**Problem statement**
Whatever the records below say, write them all out exactly.
********************
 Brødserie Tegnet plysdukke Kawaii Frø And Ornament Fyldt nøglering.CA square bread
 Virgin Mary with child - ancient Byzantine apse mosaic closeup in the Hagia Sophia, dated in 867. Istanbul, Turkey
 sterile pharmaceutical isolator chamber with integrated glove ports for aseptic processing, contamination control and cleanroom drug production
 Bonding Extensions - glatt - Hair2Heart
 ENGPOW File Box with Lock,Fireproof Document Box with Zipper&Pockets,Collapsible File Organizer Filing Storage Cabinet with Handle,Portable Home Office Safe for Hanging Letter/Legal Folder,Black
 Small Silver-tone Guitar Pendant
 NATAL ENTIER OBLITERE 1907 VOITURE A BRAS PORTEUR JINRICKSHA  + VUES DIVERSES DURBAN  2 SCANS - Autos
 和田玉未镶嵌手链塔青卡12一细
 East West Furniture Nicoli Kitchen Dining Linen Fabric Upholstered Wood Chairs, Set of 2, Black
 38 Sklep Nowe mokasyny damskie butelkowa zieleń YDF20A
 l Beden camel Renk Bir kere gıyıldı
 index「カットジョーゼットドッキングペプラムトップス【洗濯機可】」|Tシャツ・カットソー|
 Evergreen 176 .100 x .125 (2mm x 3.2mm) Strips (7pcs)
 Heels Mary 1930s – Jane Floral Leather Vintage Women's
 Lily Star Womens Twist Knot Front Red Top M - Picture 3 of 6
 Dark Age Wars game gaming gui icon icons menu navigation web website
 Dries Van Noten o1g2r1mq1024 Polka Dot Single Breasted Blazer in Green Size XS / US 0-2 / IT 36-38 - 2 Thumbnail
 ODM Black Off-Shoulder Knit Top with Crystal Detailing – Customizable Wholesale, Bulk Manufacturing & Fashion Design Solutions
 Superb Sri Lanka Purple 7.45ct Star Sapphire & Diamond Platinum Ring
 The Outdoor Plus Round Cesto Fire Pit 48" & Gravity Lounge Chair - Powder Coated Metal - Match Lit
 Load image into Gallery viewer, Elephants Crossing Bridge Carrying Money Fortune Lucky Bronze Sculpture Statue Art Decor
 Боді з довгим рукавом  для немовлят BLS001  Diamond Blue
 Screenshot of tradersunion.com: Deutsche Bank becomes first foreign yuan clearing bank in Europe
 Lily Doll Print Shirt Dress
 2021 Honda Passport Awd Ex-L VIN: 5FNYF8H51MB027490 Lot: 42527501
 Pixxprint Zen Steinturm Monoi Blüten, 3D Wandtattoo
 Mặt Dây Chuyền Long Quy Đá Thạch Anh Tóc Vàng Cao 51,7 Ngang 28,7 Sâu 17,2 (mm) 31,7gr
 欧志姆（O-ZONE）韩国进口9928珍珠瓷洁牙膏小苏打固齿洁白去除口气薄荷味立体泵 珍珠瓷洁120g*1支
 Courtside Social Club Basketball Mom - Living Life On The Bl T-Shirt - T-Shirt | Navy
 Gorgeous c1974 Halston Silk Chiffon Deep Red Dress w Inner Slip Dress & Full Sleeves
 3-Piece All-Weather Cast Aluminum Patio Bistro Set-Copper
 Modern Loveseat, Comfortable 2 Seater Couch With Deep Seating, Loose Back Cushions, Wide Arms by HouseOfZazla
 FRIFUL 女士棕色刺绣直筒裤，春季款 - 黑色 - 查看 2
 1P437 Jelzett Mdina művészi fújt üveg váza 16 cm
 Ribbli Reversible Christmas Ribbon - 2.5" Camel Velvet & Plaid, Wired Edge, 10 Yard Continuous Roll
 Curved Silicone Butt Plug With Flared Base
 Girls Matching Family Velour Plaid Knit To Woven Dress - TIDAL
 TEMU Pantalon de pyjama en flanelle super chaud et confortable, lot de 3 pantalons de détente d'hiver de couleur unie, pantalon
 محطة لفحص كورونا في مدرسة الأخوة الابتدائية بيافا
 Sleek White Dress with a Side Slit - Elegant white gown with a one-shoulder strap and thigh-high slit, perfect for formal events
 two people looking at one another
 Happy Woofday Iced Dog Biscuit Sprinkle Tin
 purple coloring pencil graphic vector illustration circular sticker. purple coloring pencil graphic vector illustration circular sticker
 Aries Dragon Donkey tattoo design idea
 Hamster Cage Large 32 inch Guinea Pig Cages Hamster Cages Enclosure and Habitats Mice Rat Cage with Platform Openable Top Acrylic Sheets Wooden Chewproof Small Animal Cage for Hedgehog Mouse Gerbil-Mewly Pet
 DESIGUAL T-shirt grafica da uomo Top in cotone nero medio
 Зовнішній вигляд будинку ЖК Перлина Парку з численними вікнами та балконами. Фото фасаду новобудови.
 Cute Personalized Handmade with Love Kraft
********************
**Task solution**
 Brødserie Tegnet plysdukke Kawaii Frø And Ornament Fyldt nøglering.CA square bread
 Virgin Mary with child - ancient Byzantine apse mosaic closeup in the Hagia Sophia, dated in 867. Istanbul, Turkey
 sterile pharmaceutical isolator chamber with integrated glove ports for aseptic processing, contamination control and cleanroom drug production
 Bonding Extensions - glatt - Hair2Heart
 ENGPOW File Box with Lock,Fireproof Document Box with Zipper&Pockets,Collapsible File Organizer Filing Storage Cabinet with Handle,Portable Home Office Safe for Hanging Letter/Legal Folder,Black
 Small Silver-tone Guitar Pendant
 NATAL ENTIER OBLITERE 1907 VOITURE A BRAS PORTEUR JINRICKSHA  + VUES DIVERSES DURBAN  2 SCANS - Autos
 和田玉未镶嵌手链塔青卡12一细
 East West Furniture Nicoli Kitchen Dining Linen Fabric Upholstered Wood Chairs, Set of 2, Black
 38 Sklep Nowe mokasyny damskie butelkowa zieleń YDF20A
 l Beden camel Renk Bir kere gıyıldı
 index「カットジョーゼットドッキングペプラムトップス【洗濯機可】」|Tシャツ・カットソー|
 Evergreen 176 .100 x .125 (2mm x 3.2mm) Strips (7pcs)
 Heels Mary 1930s – Jane Floral Leather Vintage Women's
 Lily Star Womens Twist Knot Front Red Top M - Picture 3 of 6
 Dark Age Wars game gaming gui icon icons menu navigation web website
 Dries Van Noten o1g2r1mq1024 Polka Dot Single Breasted Blazer in Green Size XS / US 0-2 / IT 36-38 - 2 Thumbnail
 ODM Black Off-Shoulder Knit Top with Crystal Detailing – Customizable Wholesale, Bulk Manufacturing & Fashion Design Solutions
 Superb Sri Lanka Purple 7.45ct Star Sapphire & Diamond Platinum Ring
 The Outdoor Plus Round Cesto Fire Pit 48" & Gravity Lounge Chair - Powder Coated Metal - Match Lit
 Load image into Gallery viewer, Elephants Crossing Bridge Carrying Money Fortune Lucky Bronze Sculpture Statue Art Decor
 Боді з довгим рукавом  для немовлят BLS001  Diamond Blue
 Screenshot of tradersunion.com: Deutsche Bank becomes first foreign yuan clearing bank in Europe
 Lily Doll Print Shirt Dress
 2021 Honda Passport Awd Ex-L VIN: 5FNYF8H51MB027490 Lot: 42527501
 Pixxprint Zen Steinturm Monoi Blüten, 3D Wandtattoo
 Mặt Dây Chuyền Long Quy Đá Thạch Anh Tóc Vàng Cao 51,7 Ngang 28,7 Sâu 17,2 (mm) 31,7gr
 欧志姆（O-ZONE）韩国进口9928珍珠瓷洁牙膏小苏打固齿洁白去除口气薄荷味立体泵 珍珠瓷洁120g*1支
 Courtside Social Club Basketball Mom - Living Life On The Bl T-Shirt - T-Shirt | Navy
 Gorgeous c1974 Halston Silk Chiffon Deep Red Dress w Inner Slip Dress & Full Sleeves
 3-Piece All-Weather Cast Aluminum Patio Bistro Set-Copper
 Modern Loveseat, Comfortable 2 Seater Couch With Deep Seating, Loose Back Cushions, Wide Arms by HouseOfZazla
 FRIFUL 女士棕色刺绣直筒裤，春季款 - 黑色 - 查看 2
 1P437 Jelzett Mdina művészi fújt üveg váza 16 cm
 Ribbli Reversible Christmas Ribbon - 2.5" Camel Velvet & Plaid, Wired Edge, 10 Yard Continuous Roll
 Curved Silicone Butt Plug With Flared Base
 Girls Matching Family Velour Plaid Knit To Woven Dress - TIDAL
 TEMU Pantalon de pyjama en flanelle super chaud et confortable, lot de 3 pantalons de détente d'hiver de couleur unie, pantalon
 محطة لفحص كورونا في مدرسة الأخوة الابتدائية بيافا
 Sleek White Dress with a Side Slit - Elegant white gown with a one-shoulder strap and thigh-high slit, perfect for formal events
 two people looking at one another
 Happy Woofday Iced Dog Biscuit Sprinkle Tin
 purple coloring pencil graphic vector illustration circular sticker. purple coloring pencil graphic vector illustration circular sticker
 Aries Dragon Donkey tattoo design idea
 Hamster Cage Large 32 inch Guinea Pig Cages Hamster Cages Enclosure and Habitats Mice Rat Cage with Platform Openable Top Acrylic Sheets Wooden Chewproof Small Animal Cage for Hedgehog Mouse Gerbil-Mewly Pet
 DESIGUAL T-shirt grafica da uomo Top in cotone nero medio
 Зовнішній вигляд будинку ЖК Перлина Парку з численними вікнами та балконами. Фото фасаду новобудови.
 Cute Personalized Handmade with Love Kraft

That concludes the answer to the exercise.